C’est comme si le dépistage ne devait pas se faire le plus tôt possible, même avant 4 ans, avec l’apport de services spécialisés qui manquent cruellement à l’heure actuelle. C’est ce que le ministre délégué à la Santé et aux Services sociaux, Lionel Carmant, a d’ailleurs compris, lui qui a annoncé que son gouvernement consacrera entre 70 et 90 millions au cours des deux prochaines années au dépistage précoce.
À l’Assemblée nationale, François Legault a affirmé que les parents auront le choix entre une garderie avec des « techniciens de garde » ou une maternelle quatreans dotée d’« enseignants avec toute l’équipe de spécialistes de l’école primaire ». Outre le fait que les termes qu’il a employés trahissent une certaine condescendance envers les spécialistes de la petite enfance que sont les éducatrices en garderie, le premier ministre semble avoir une vision idyllique de l’école.
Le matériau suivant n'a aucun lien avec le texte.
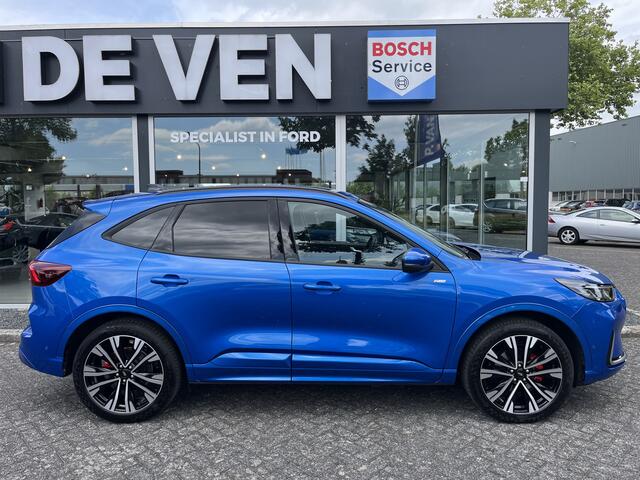 Ford KUGA 2.5 PHEV ST-Line X 243pk e-CVT Automaat | E-Trekhaak | Technology Pack | 19'' | Winter Pack | Head-Up | AGR-stoelen | etc. etc.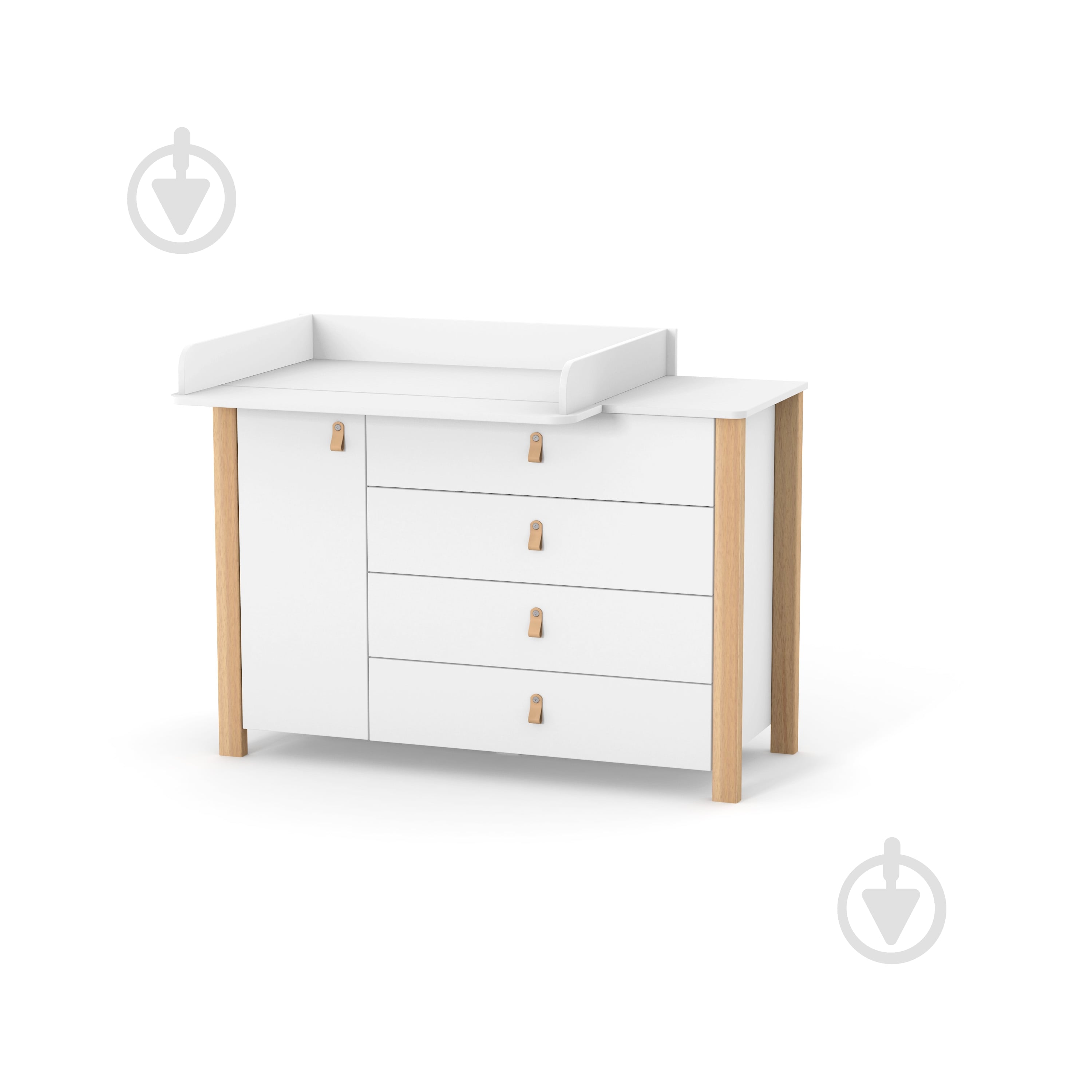 Комод Veres Монако 1200 35.2.35.2.15 - фото 6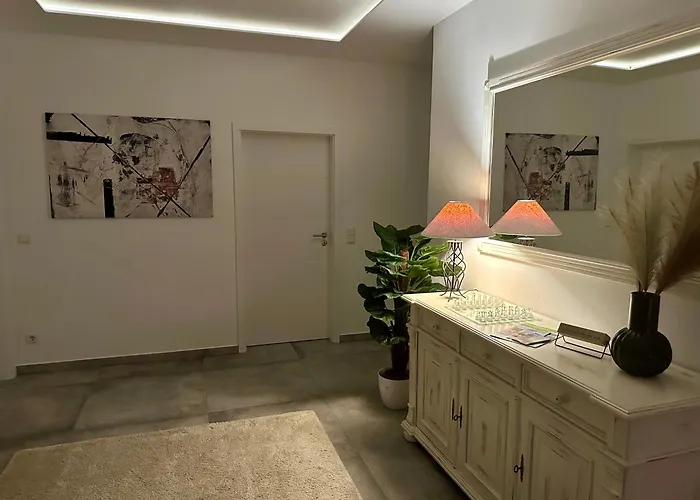 Exklusive Neubau-ferienwohnung In * Варбург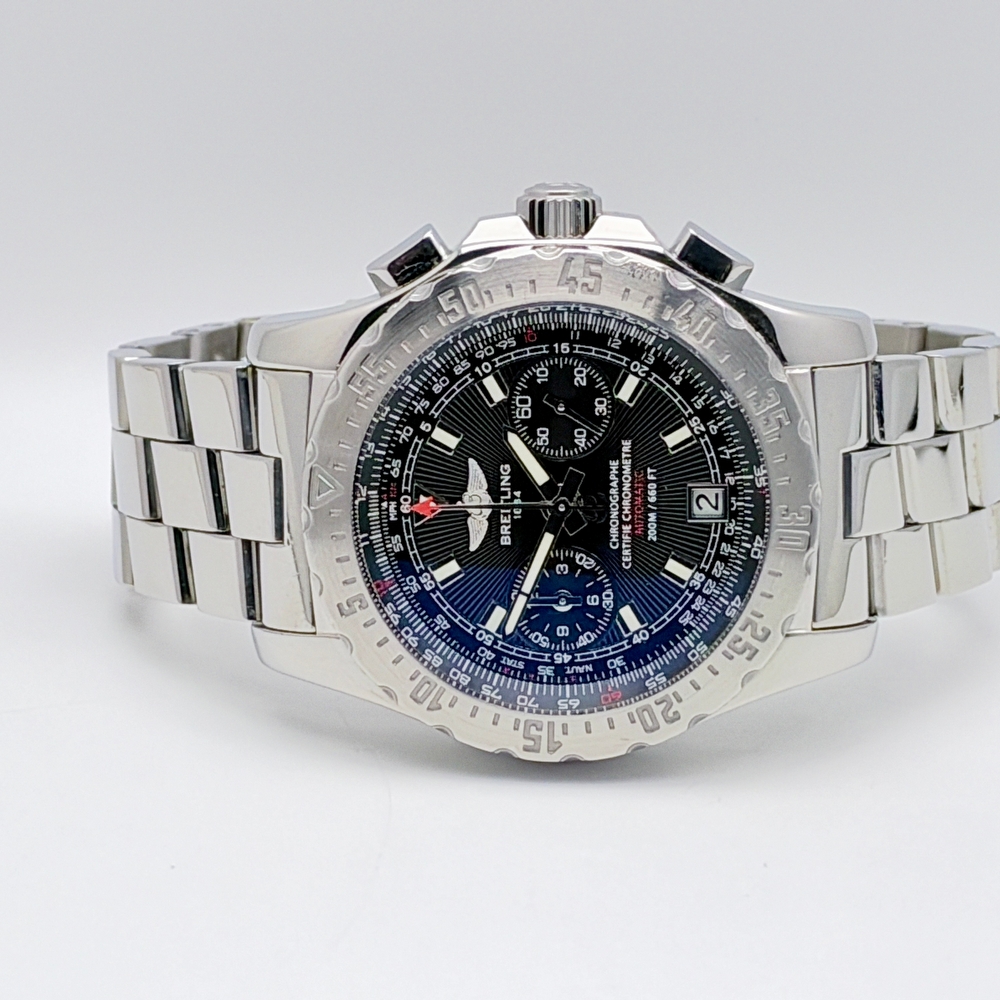 Breitling Skyracer Chronograph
La réalité, c’est que les services spécialisés pour soutenir les élèves en difficulté sont rationnés à l’heure actuelle et que les délais d’attente pour y avoir accès peuvent s’étendre sur plusieurs mois, alors que les directions d’école encouragent les parents qui en ont les moyens à se tourner vers le privé pour obtenir les services d’un psychologue ou d’un ergothérapeute. Avant de songer à investir dans un réseau universel de maternelles 4 ans, il faudrait mettre à niveau les services spécialisés dans les écoles. Et financer un minimum de services pour les enfants d’âge préscolaire.
Il y a tout lieu de croire que le projet ne répond pas à un souhait des parents, selon un sondage commandé par l’Association québécoise des centres de la petite enfance (AQCPE). En outre, les commissions scolaires s’y opposent, tout comme les directions d’école. Les syndicats d’enseignants croient aussi que le gouvernement Legault fait fausse route, alors qu’il serait dans leur intérêt corporatiste d’approuver la création de ce réseau, qui leur ferait gagner de nouveaux membres.
La critique péquiste en matière d’éducation, Véronique Hivon, a raison de dire que le gouvernement caquiste « met tous ses oeufs dans le même panier ». Car c’est de cela qu’il s’agit : consacrer une part colossale des ressources financières — par définition limitées — à une seule mesure au lieu de soutenir diverses initiatives qui donneraient davantage de résultats pour les enfants d’âge préscolaire.